§ **What is needed**:
For this exercise, retype the lines from the one that holds "Sony Ericsson W395" through the one that holds "Used XPeng X9 2024 702 Ultra-Long Range Max" in the records below, both included, exactly and without pictures.
____ Extracted entries
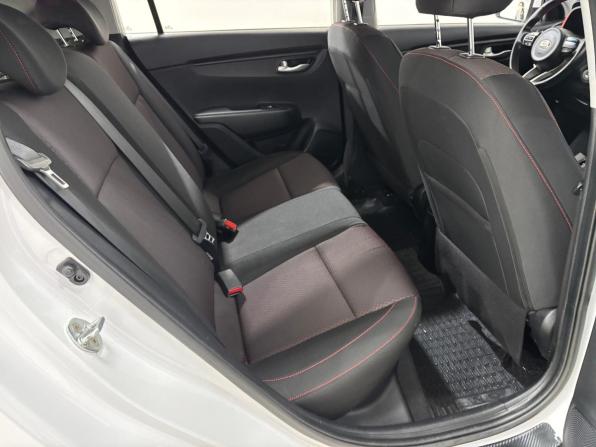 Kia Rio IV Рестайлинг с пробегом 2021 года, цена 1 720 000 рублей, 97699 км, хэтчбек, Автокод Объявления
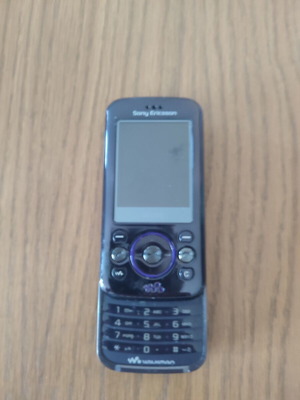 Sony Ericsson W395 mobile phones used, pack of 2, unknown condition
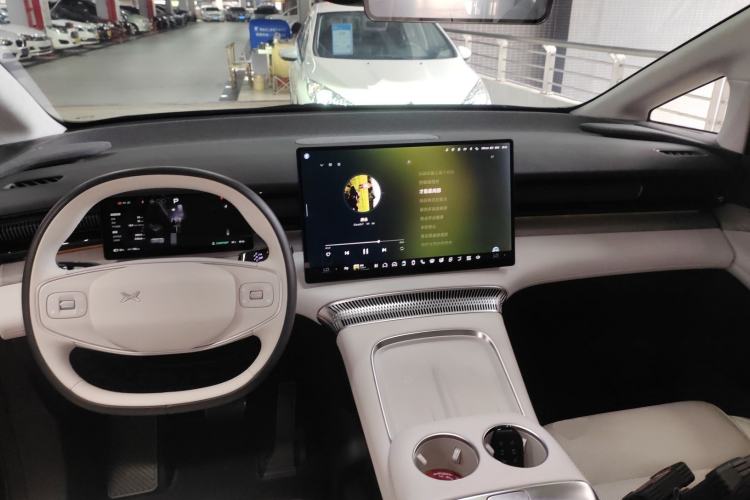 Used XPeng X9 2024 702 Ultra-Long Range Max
________
____ Extracted entries
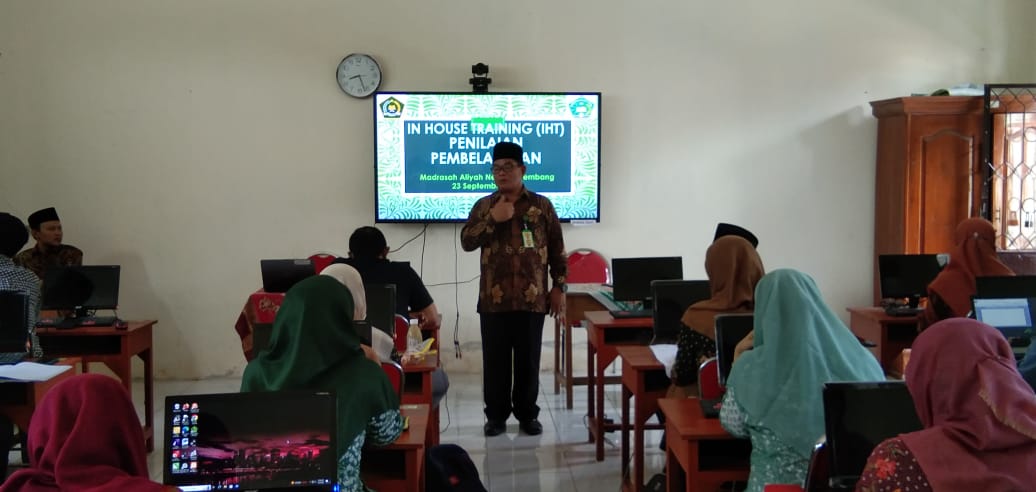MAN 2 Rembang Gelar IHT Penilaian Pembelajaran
________
§ **Reply to the exercise**:
 Sony Ericsson W395 mobile phones used, pack of 2, unknown condition
 Used XPeng X9 2024 702 Ultra-Long Range Max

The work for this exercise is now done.